Conservationists hope to preserve Masoala by making forest protection economically worthwhile to the population.

"Conservation has to pay for itself," says Remko Vonk, the Madagascar director of CARE International, the U.S.-based agency in charge of creating a protection plan for the Masoala Peninsula. "The bottom line is that we have to increase the value of the forests for them to be protected. At the moment, the value of an [acre] is the amount of rice you can get from it."

With a $2.7 million grant from AID, CARE officials have been trying to create economic alternatives for the villagers living along the edge of the Masoala forest. Specialists from the San Diego Zoo have visited Masoala and identified seven butterfly species that they believe will sell on the international insect market. CARE wants to teach villagers around the forest how to harvest butterfly cocoons, to be sold to European and American butterfly collectors.

There are plans too for eco-tourism: If all goes well, CARE officials say, the rain forest will attract tourists. Villagers would receive some of the park fees.

But the villagers know little of these plans. In Ambanizana, on the edge of the proposed park, people sound perplexed by the idea of a large area that would be off-limits to them.

"The population does not understand why there needs to be a national park," says Alexis Lava, the village chief, hearing an explanation of what the park would be. Other, better informed authorities raised objections to the proposed boundaries. Municipal officials in Maroantsetra, the largest town in the Masoala area, maintained that they had not been properly consulted by the central government.

"We do not know why the state has taken this decision," says Nicaise Razafindranosa, a councilman in Maroantsetra. "Masoala is mostly the creation of people in Antananarivo," the Madagascar capital. "No one consulted the people of Maroantsetra."

CARE officials maintain that local leaders agreed in writing to the park's boundaries. But they also say that their plan was to create the national park and then work more closely with the villagers around it.

Hanging in the balance are the rain forest on the Masoala Peninsula and some of the world's most exotic creatures.

"Madagascar is like a big Galapagos island," says Matthew Hatchwell of the Wildlife Conservation Society, "and Masoala is the place where you will find things in the best condition."

In Masoala are leaf-tail gecko lizards, forest coconut trees, fruit-eating bats and six species of lemur monkeys -- Madagascar's symbol of bio-diversity.

The full biological array on Masoala still is being documented. A few years ago, the serpent eagle was resurrected from extinction, after being seen on Masoala for the first time in 50 years.

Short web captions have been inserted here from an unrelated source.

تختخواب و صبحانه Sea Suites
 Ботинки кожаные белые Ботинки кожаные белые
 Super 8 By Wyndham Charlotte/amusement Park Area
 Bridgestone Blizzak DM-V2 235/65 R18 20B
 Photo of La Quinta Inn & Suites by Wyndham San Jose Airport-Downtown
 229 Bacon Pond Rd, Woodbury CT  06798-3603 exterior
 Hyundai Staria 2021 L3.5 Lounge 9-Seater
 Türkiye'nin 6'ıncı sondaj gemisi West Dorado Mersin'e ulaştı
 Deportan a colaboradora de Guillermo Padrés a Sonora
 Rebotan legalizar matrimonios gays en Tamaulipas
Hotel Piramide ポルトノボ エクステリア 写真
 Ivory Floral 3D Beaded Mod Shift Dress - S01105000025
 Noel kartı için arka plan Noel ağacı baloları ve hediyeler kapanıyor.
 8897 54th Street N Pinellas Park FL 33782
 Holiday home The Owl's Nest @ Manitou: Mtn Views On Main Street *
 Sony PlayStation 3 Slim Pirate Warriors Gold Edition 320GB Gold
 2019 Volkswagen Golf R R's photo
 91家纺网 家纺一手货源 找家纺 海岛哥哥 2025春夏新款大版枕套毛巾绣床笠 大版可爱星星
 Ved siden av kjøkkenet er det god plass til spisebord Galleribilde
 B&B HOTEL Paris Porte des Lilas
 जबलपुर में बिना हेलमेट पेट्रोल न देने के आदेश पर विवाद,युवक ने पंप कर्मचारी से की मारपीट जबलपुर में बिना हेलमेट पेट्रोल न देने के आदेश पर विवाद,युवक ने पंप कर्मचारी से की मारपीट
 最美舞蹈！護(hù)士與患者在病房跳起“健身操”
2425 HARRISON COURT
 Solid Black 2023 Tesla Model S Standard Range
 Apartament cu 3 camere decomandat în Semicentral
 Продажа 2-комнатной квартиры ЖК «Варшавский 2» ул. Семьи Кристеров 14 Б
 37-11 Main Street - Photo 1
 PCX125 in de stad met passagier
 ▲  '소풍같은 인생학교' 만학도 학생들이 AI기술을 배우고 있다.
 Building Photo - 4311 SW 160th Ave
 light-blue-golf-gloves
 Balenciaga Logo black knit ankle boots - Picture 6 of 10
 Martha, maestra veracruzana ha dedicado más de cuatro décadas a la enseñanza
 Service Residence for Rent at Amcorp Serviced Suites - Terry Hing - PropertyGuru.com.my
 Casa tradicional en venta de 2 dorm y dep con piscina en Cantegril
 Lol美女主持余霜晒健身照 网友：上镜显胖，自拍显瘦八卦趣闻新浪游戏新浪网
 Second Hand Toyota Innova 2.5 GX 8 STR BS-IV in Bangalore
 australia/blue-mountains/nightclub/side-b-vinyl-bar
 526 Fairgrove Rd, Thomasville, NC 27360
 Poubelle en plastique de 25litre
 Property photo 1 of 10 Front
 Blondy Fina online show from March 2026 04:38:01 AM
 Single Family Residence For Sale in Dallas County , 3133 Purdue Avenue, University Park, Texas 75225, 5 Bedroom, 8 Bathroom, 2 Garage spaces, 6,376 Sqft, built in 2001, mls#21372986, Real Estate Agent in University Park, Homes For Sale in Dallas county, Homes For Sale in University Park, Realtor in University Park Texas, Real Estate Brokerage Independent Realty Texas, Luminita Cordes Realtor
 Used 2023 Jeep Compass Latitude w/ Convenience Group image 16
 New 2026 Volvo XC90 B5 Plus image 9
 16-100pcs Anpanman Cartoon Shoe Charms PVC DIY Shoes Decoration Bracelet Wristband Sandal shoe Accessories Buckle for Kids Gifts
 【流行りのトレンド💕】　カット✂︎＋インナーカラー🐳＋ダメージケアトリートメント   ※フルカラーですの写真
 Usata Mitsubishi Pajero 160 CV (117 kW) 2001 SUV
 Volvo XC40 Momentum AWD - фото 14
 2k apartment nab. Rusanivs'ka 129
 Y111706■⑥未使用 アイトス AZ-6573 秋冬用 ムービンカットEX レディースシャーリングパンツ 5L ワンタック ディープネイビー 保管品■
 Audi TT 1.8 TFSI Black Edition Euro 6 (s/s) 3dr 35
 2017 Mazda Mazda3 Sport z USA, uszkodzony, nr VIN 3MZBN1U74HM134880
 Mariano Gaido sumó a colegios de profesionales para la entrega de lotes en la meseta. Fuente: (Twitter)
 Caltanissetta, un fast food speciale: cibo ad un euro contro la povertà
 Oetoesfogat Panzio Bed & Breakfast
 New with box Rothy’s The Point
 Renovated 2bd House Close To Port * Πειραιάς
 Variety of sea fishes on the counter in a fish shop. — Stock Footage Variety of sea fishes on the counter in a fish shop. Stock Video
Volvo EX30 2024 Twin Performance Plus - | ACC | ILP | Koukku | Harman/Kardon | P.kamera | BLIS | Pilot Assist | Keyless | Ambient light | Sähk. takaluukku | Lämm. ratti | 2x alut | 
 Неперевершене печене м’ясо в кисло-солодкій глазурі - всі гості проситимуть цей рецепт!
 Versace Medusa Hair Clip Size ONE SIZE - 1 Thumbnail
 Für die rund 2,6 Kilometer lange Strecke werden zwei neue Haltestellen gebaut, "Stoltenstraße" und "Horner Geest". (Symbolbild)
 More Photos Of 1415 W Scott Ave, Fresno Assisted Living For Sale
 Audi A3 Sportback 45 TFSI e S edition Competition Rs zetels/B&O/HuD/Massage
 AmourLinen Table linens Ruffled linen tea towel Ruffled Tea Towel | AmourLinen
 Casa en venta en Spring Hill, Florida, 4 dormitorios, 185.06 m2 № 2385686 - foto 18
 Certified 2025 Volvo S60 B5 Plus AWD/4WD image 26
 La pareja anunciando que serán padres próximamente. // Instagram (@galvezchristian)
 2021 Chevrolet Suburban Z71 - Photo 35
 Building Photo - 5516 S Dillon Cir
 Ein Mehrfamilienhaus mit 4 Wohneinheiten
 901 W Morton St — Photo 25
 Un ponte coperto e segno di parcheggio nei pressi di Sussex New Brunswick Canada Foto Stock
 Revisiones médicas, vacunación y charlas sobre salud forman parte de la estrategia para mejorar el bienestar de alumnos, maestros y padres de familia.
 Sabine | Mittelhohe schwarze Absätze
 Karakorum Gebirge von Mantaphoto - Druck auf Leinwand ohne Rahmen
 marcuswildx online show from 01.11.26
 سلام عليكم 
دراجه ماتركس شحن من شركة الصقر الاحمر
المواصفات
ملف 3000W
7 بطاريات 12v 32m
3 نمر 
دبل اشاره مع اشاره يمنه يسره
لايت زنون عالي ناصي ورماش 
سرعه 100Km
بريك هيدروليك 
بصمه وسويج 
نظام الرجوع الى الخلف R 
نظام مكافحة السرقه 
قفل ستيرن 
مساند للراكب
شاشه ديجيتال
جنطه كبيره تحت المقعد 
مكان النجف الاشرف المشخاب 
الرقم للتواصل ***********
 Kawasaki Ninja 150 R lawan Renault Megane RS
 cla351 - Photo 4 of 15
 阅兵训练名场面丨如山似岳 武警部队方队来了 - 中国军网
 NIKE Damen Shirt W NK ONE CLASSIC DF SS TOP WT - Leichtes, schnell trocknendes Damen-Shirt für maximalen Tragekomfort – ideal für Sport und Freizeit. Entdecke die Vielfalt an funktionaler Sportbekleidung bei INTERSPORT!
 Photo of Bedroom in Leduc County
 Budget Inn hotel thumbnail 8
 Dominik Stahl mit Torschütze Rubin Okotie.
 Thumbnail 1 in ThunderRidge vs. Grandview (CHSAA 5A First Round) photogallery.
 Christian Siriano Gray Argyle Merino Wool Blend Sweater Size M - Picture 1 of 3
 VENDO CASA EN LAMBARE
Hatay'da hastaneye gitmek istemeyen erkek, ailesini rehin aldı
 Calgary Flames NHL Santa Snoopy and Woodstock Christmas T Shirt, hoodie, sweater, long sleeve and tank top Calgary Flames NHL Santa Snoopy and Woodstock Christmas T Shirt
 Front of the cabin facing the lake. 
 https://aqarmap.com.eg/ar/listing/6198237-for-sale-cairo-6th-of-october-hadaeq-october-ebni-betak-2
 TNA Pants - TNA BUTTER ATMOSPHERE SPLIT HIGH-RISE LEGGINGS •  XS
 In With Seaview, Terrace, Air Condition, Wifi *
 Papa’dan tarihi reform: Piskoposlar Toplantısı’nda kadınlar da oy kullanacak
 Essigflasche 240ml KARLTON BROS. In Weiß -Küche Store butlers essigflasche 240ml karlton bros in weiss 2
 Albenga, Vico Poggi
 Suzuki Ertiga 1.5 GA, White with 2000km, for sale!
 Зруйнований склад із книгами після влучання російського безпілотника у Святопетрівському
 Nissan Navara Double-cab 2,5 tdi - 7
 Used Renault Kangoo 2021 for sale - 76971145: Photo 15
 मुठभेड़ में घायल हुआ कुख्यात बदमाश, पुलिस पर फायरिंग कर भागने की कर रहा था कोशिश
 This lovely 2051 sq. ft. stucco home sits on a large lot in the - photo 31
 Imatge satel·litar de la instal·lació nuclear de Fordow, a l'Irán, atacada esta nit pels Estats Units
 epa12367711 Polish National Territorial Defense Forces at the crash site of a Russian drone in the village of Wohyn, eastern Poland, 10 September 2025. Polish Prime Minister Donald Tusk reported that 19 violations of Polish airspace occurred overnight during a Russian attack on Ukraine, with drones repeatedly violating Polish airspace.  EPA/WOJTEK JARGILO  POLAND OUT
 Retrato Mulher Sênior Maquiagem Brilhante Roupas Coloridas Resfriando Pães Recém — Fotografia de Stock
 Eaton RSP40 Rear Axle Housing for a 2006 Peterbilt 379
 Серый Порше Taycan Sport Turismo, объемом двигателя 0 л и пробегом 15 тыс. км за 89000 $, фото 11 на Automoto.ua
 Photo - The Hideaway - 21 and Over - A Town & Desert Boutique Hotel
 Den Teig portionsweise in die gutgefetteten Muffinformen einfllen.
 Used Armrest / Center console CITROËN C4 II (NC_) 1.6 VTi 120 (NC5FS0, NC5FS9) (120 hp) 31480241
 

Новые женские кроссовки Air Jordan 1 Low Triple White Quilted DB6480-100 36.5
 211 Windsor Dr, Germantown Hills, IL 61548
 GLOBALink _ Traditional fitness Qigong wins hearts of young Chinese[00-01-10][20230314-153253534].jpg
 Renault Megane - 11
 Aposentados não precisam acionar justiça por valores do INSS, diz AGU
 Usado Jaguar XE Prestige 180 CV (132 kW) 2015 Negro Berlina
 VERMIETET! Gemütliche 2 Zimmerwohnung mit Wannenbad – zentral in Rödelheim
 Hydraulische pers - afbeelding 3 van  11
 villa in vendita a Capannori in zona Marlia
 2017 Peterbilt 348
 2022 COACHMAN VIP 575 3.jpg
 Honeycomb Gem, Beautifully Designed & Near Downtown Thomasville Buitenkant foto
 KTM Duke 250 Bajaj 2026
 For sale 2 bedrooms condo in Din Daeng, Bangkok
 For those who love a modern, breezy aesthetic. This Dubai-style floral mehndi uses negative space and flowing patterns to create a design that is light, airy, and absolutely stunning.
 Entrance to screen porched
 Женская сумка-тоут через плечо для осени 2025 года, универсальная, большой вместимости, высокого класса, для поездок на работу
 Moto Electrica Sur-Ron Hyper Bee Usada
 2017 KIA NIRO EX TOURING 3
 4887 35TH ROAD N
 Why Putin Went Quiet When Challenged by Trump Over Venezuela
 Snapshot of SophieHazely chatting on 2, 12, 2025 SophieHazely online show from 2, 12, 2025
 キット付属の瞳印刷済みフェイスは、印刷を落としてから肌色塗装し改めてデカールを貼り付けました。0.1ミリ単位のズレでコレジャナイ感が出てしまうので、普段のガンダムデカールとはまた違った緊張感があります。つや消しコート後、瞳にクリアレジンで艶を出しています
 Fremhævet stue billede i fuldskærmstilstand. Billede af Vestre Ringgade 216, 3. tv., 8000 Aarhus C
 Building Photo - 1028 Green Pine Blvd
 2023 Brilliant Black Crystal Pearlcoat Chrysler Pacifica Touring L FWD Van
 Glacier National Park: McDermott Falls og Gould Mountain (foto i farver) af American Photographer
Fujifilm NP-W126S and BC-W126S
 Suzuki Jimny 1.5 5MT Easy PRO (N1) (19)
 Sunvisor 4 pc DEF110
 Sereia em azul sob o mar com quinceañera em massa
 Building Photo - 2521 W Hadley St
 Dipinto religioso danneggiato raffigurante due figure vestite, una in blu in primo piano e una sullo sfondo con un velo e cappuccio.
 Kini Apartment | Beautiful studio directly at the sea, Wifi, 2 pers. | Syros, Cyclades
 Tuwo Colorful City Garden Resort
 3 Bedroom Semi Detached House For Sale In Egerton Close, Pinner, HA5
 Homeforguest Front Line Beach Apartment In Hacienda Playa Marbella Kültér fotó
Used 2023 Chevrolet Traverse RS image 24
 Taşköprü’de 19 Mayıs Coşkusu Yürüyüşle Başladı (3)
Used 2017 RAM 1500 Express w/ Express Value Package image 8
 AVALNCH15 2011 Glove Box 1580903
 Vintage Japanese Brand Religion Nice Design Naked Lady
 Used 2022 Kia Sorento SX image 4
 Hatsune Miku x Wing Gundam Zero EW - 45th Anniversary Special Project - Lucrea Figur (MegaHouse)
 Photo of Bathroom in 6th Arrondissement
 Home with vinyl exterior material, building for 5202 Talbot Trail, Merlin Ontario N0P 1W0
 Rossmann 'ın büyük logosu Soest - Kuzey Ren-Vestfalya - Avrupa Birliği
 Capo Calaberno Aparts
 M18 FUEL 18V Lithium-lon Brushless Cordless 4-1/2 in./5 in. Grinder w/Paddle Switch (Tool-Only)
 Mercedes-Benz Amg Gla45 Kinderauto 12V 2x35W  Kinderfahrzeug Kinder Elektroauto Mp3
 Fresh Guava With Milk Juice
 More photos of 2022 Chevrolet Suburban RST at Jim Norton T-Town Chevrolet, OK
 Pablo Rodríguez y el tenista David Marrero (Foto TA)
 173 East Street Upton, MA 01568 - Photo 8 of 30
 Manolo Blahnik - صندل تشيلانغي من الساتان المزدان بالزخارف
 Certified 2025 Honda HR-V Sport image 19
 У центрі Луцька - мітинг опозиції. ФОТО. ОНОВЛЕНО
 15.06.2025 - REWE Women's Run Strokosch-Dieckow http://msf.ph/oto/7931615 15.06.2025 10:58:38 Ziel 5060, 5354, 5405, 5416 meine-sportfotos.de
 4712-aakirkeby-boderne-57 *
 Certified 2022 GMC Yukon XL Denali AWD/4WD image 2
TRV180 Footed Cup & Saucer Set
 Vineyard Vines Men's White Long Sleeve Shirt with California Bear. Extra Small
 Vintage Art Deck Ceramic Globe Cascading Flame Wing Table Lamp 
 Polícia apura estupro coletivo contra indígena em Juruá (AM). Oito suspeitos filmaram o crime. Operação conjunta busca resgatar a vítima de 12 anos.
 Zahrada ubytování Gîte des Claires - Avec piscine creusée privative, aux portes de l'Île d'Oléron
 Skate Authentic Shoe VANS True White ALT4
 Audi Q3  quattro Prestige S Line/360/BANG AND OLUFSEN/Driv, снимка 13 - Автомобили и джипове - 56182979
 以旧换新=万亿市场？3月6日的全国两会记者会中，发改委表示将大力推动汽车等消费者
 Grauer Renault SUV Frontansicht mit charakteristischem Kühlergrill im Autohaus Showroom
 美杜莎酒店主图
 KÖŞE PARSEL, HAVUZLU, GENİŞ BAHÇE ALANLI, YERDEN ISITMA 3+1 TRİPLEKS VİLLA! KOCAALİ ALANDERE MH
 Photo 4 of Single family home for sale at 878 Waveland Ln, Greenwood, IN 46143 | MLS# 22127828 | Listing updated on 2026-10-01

Birds, insects and frogs create an unending racket of peeping and squawking. Ferns grow to enormous size; leaves are long and thin, short and stubby, lanky, sharp, perforated, bulbous.

And their survival, paradoxically, depends on whether the tourists arrive -- visitors who come in large enough numbers, and spend large enough sums, to make the value of the serpent eagles and lemurs more clear to the people living on the rain forest's rim.